La société cherche maintenant à reproduire ce succès en Amérique du Nord, ce qui est essentiel pour son objectif de devenir le leader mondial du segment des boissons alcoolisées qui connaît la croissance la plus rapide.

L'expansion à l'étranger est également une question de survie pour les entreprises japonaises de boissons qui doivent faire face au vieillissement du marché national et à la désaffection des jeunes pour l'alcool.

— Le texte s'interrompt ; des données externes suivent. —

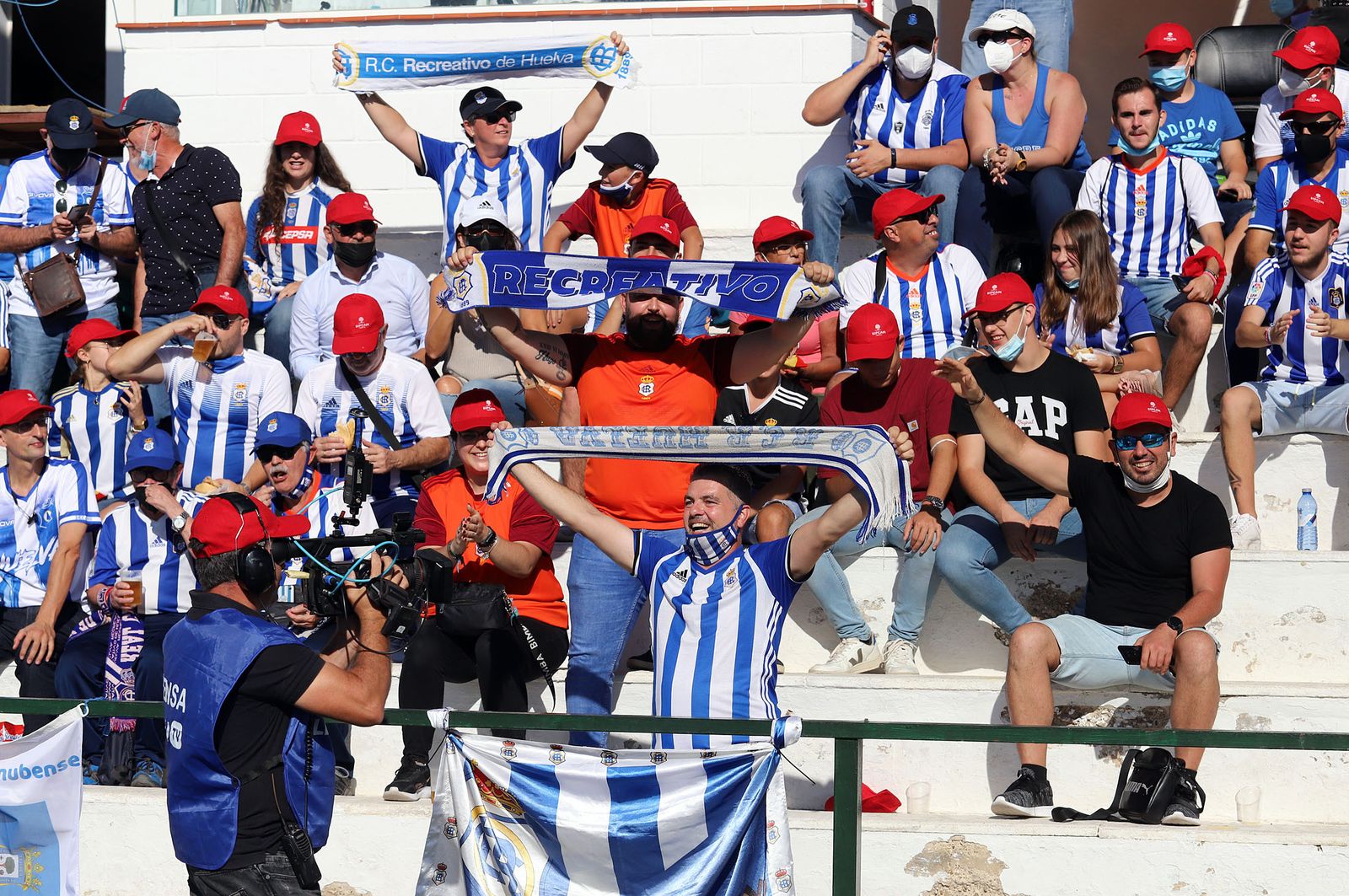 Imágenes de la afición más fiel del Recre en su visita al campo del Antoniano
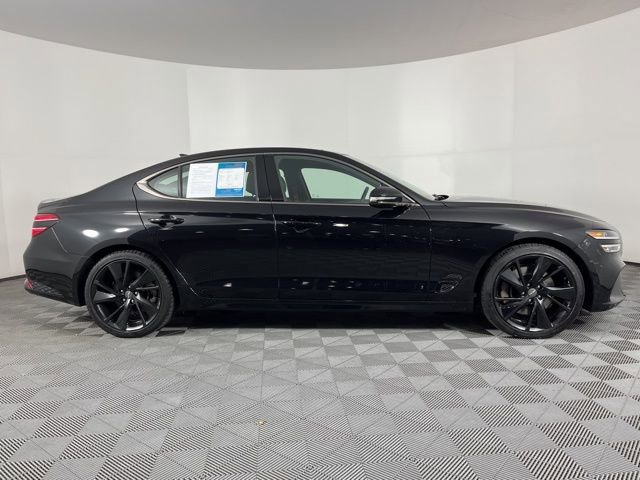 Used 2023 Genesis G70 3.3T w/ Sport Advanced Package image 11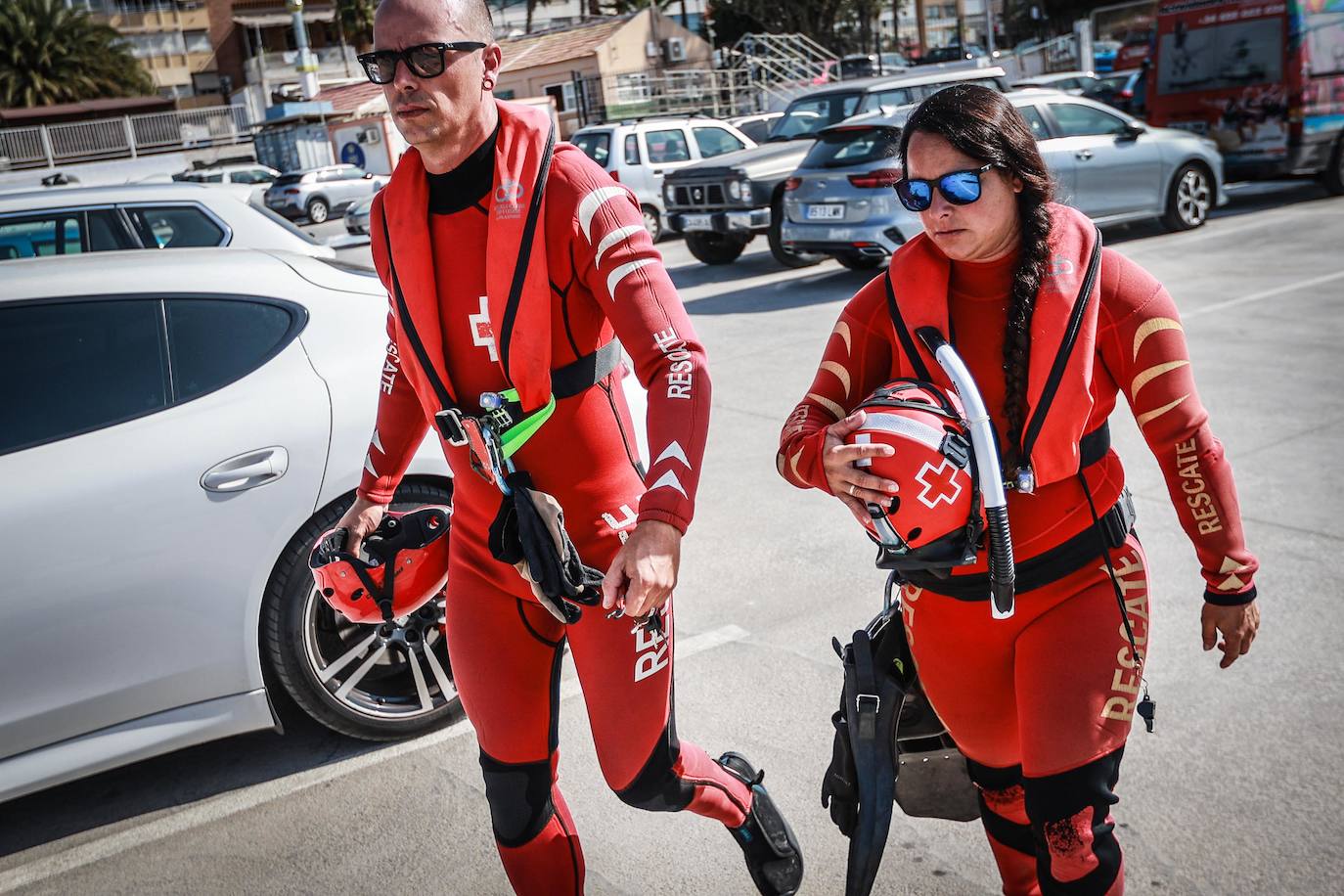 Un día con el equipo de Salvamento Marítimo de Cruz Roja de Torrevieja, en imágenes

"L'Australie est un marché test très important pour la stratégie mondiale", a déclaré Makoto Kitaura, un directeur général senior de Suntory.

"Si nous avons du succès en Australie, alors d'autres pays occidentaux comme les États-Unis, le Royaume-Uni peuvent avoir un intérêt à essayer une nouvelle marque. Et nous pouvons voir un énorme potentiel de croissance avec le marché américain."

La société a fait appel à une équipe de localisation pour adapter son best-seller japonais Strong Zero au marché australien : La saveur citronnée a été modifiée et le taux d'alcool a été ramené de 9 % à 6 %, ce qui est plus agréable à boire.

Elle a également baptisé le cocktail en boîte -196 Double Lemon en Australie, soulignant le froid extrême que Suntory prétend utiliser pour extraire les arômes des fruits frais.

"Il s'est vendu presque immédiatement après son lancement", a déclaré Alana House, rédactrice en chef de Drink Digest, basé à Sydney.

La boisson, dont le prix est d'environ 4,50 A$ (3,10 $) pour une canette de 11 oz, avait l'avantage d'être considérée comme un produit japonais "culte", avec un profil de saveur fort et une teneur en alcool par volume (ABV) plus élevée, 6 % contre 4,5 % pour une bière typique dans le pays, a-t-elle ajouté.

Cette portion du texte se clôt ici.